■ WHAT TO PRODUCE
What you should give back is a precise copy of the lines below from the one containing "Éclairages De Table" through the one containing "2 William Hilton", with no pictures.

(MATERIAL TO PROCESS begins)

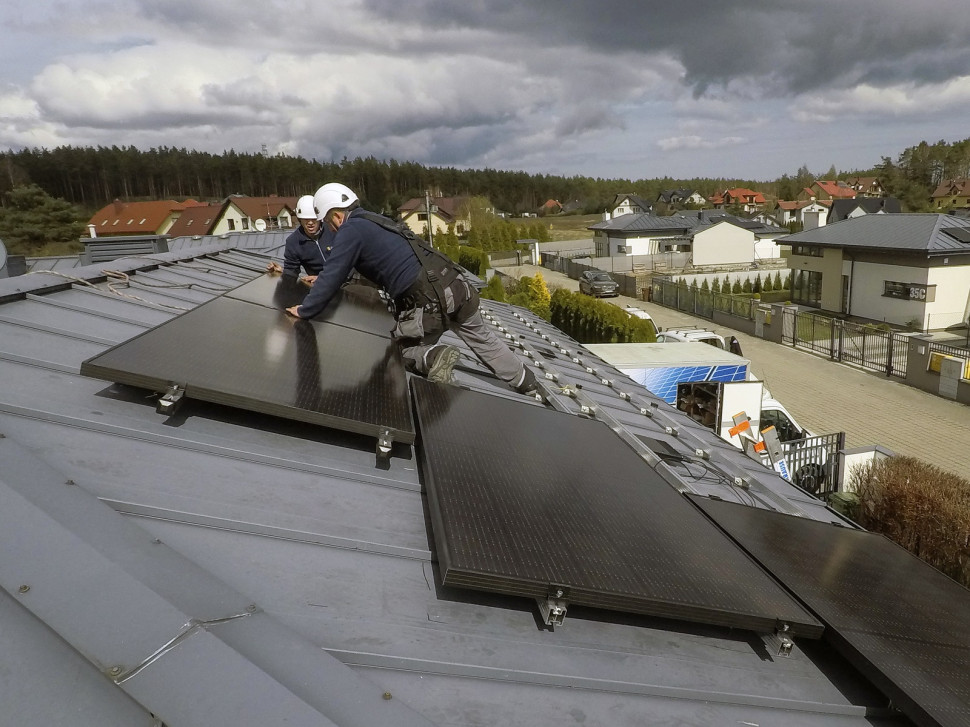 Zakładanie instalacji fotowoltaicznej na dachu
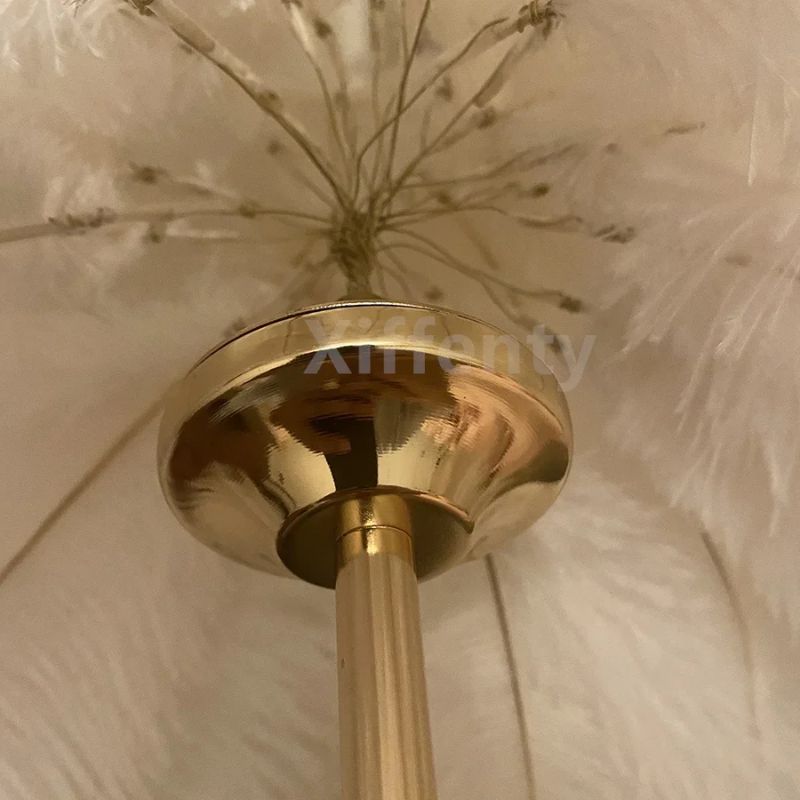Éclairages De Table À Plumes Avec Pied Doré Élégant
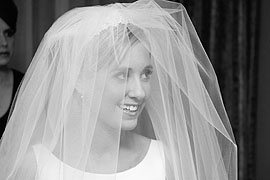 Please wait while images load...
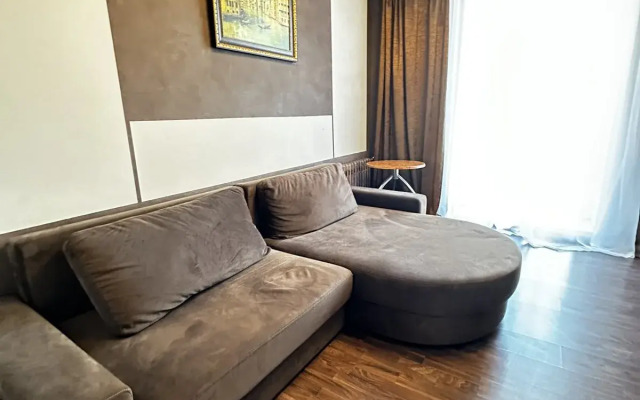 Квартира  Возле ЖД Вокзала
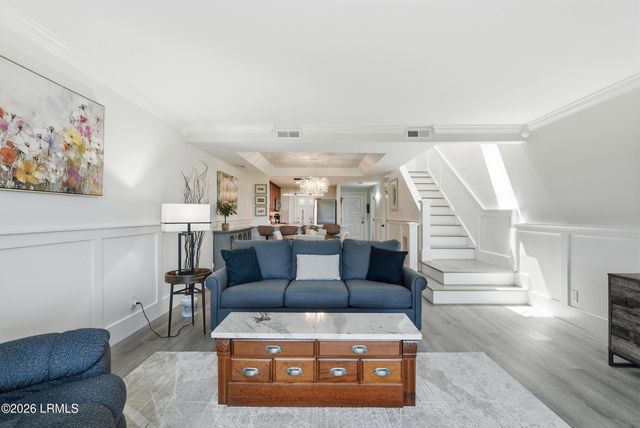 2 William Hilton Pkwy Apt 103, Hilton Head Island, SC 29926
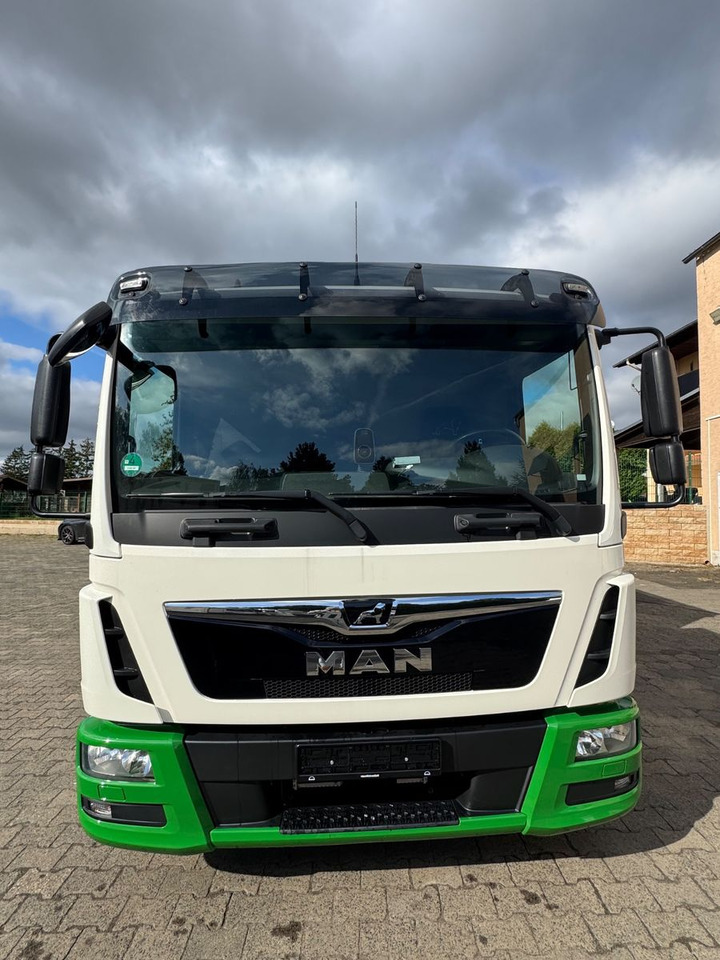 MAN TGL 8.190/GT-Rollo/B-L/Klima/aus1.Hand - Camion pour le transport de boissons: photos 2 MAN TGL 8.190/GT-Rollo/B-L/Klima/aus1.Hand - Camion pour le transport de boissons: photos 2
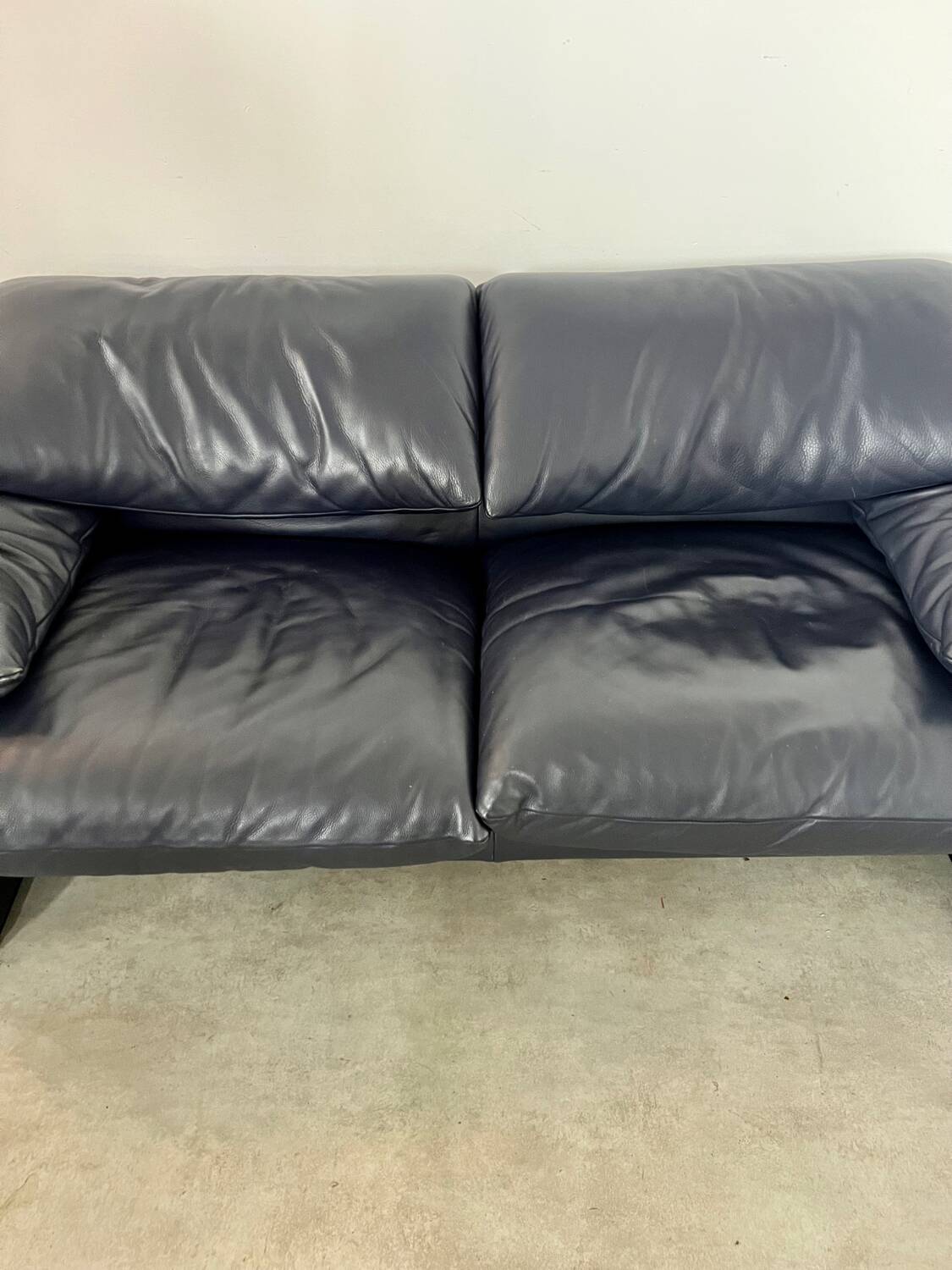 Maralunga sofa designer Vico MAGISTRETTI cassina in vintage midnight blue leather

(MATERIAL TO PROCESS ends)

■ SOLUTION FOR THIS PROBLEM
Éclairages De Table À Plumes Avec Pied Doré Élégant
 Please wait while images load...
 Квартира  Возле ЖД Вокзала
 2 William Hilton Pkwy Apt 103, Hilton Head Island, SC 29926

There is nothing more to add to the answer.